[Exercise aim] Among the entries below, one line contains "Obraz na płótnie" and another contains "Young woman relaxing". Transcribe those two lines and every line between them, exactly.

[Data provided]
▼

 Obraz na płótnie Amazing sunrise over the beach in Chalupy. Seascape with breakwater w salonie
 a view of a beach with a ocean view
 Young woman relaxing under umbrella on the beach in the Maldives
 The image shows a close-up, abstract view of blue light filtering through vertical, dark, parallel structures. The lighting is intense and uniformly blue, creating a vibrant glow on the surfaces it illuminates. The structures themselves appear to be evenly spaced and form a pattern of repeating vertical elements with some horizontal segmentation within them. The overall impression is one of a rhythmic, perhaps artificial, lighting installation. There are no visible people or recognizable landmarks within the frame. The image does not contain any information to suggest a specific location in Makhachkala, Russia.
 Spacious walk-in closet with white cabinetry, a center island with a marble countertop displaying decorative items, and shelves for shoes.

▲
▼

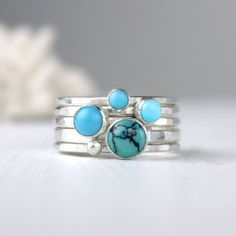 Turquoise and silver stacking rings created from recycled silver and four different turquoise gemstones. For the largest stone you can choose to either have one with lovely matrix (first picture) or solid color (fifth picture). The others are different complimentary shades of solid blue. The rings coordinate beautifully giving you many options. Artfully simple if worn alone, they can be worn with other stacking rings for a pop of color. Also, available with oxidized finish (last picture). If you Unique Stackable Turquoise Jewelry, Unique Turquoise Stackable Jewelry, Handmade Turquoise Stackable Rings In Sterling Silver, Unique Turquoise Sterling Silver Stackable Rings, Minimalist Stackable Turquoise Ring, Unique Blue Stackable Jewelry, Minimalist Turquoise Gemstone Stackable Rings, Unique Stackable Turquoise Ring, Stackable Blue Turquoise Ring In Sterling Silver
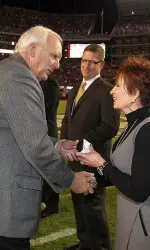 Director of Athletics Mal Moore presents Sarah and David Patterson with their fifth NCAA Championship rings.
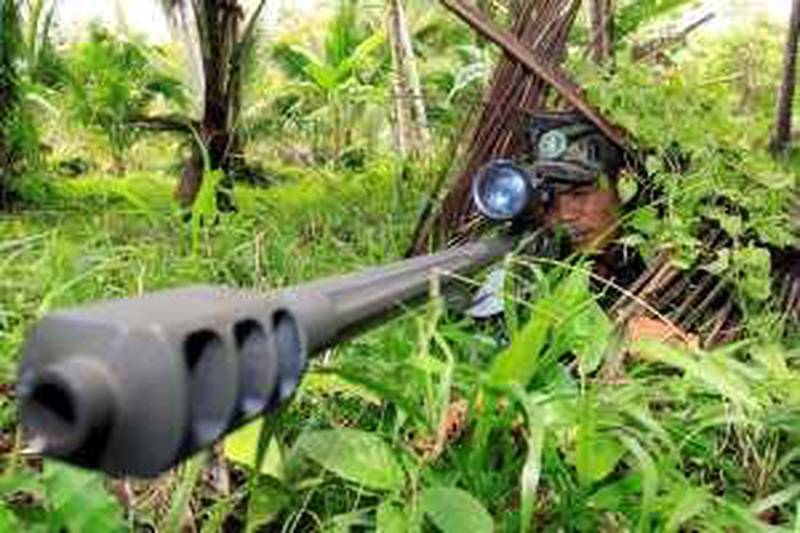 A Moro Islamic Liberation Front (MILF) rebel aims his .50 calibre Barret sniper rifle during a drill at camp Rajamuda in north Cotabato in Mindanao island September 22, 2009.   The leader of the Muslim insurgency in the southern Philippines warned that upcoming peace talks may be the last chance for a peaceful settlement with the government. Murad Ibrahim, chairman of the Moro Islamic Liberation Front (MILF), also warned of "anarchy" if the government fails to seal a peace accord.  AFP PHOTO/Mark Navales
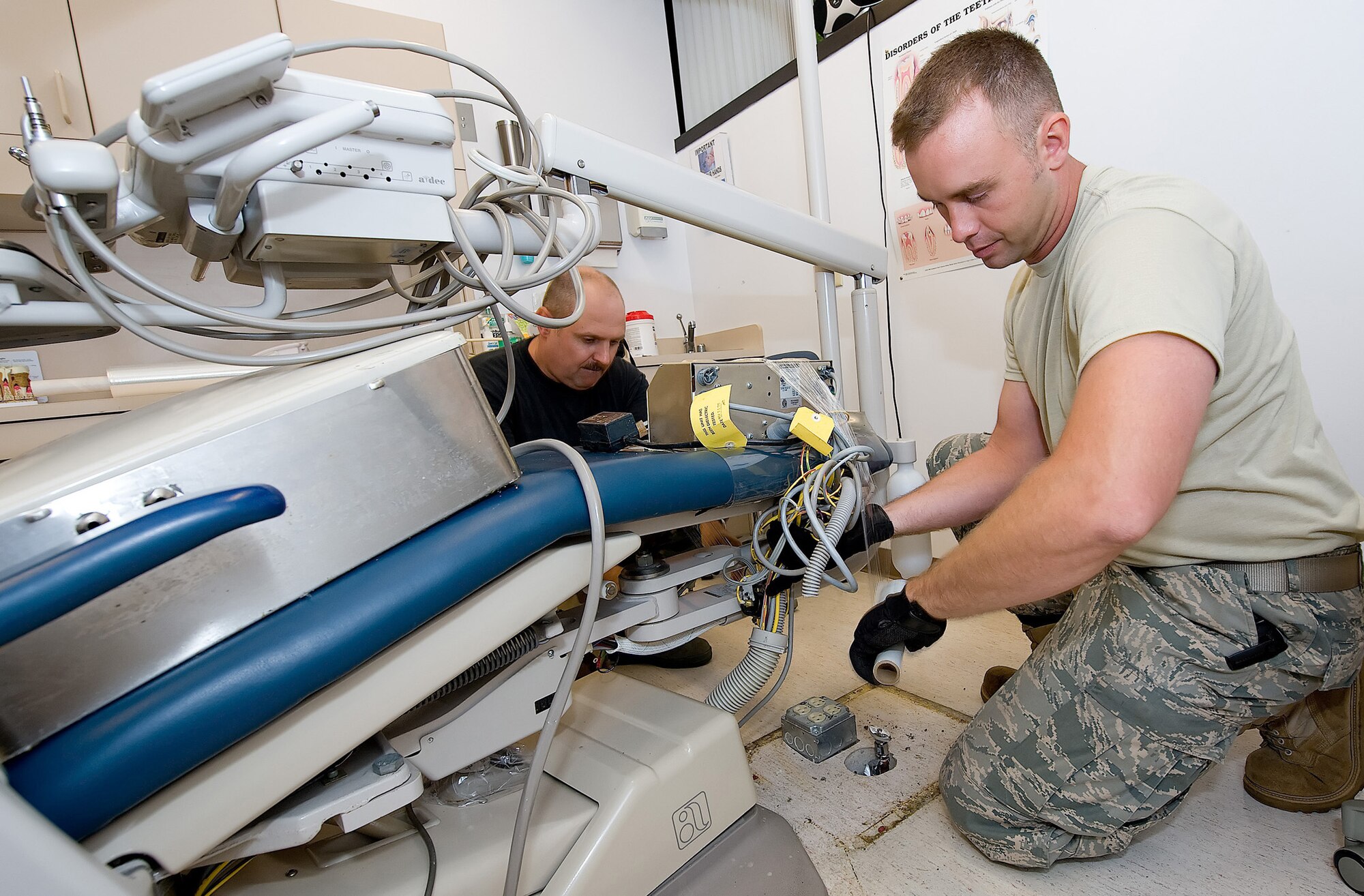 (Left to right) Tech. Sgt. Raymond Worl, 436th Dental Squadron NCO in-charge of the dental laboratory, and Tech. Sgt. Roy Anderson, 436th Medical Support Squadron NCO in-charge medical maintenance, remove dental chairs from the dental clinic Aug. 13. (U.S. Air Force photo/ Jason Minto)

▲
▼

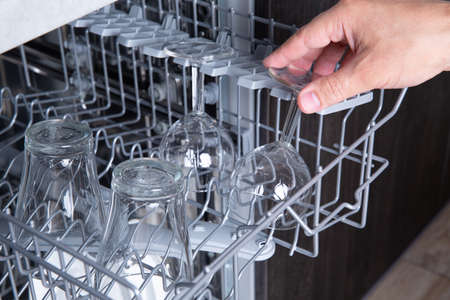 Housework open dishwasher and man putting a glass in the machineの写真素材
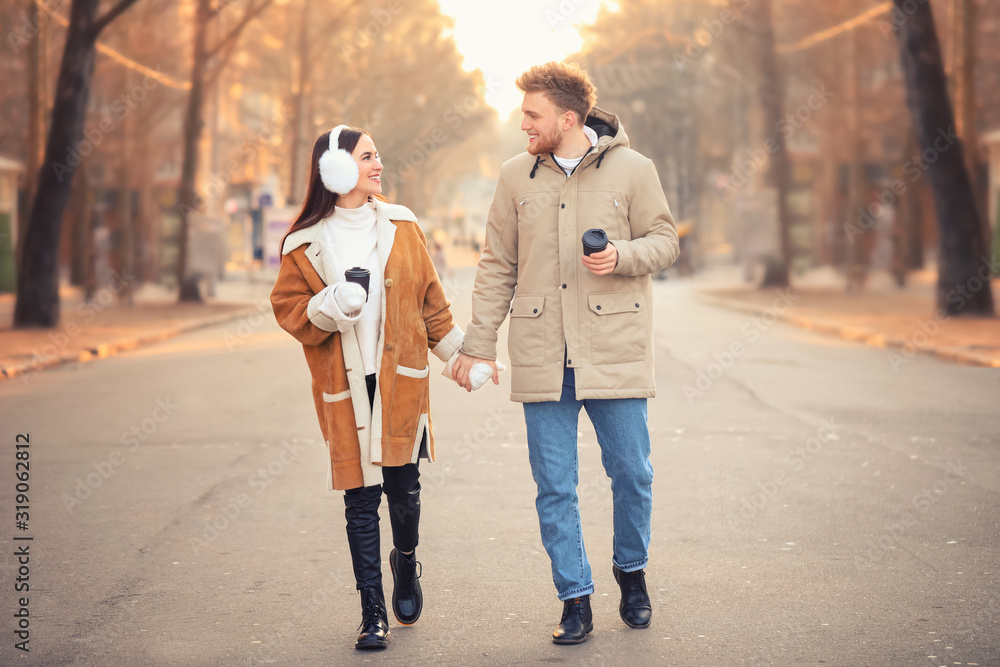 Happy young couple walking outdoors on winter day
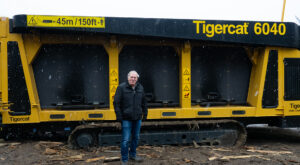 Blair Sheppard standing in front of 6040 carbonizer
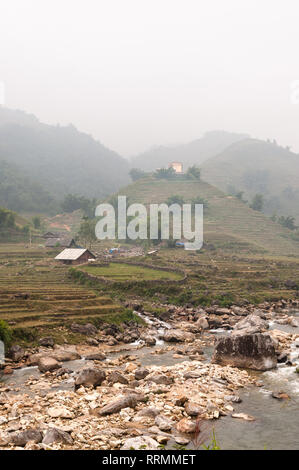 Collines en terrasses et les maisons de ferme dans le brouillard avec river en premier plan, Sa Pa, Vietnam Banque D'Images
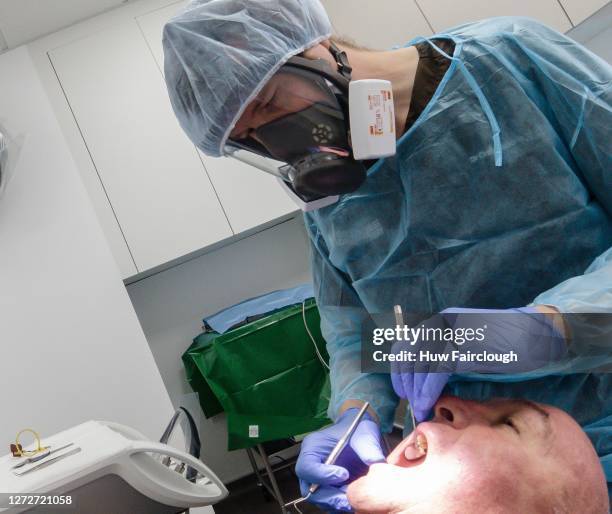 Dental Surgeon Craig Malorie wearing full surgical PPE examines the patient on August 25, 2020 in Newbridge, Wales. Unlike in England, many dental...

▲

[Written answer]
 Obraz na płótnie Amazing sunrise over the beach in Chalupy. Seascape with breakwater w salonie
 a view of a beach with a ocean view
 Young woman relaxing under umbrella on the beach in the Maldives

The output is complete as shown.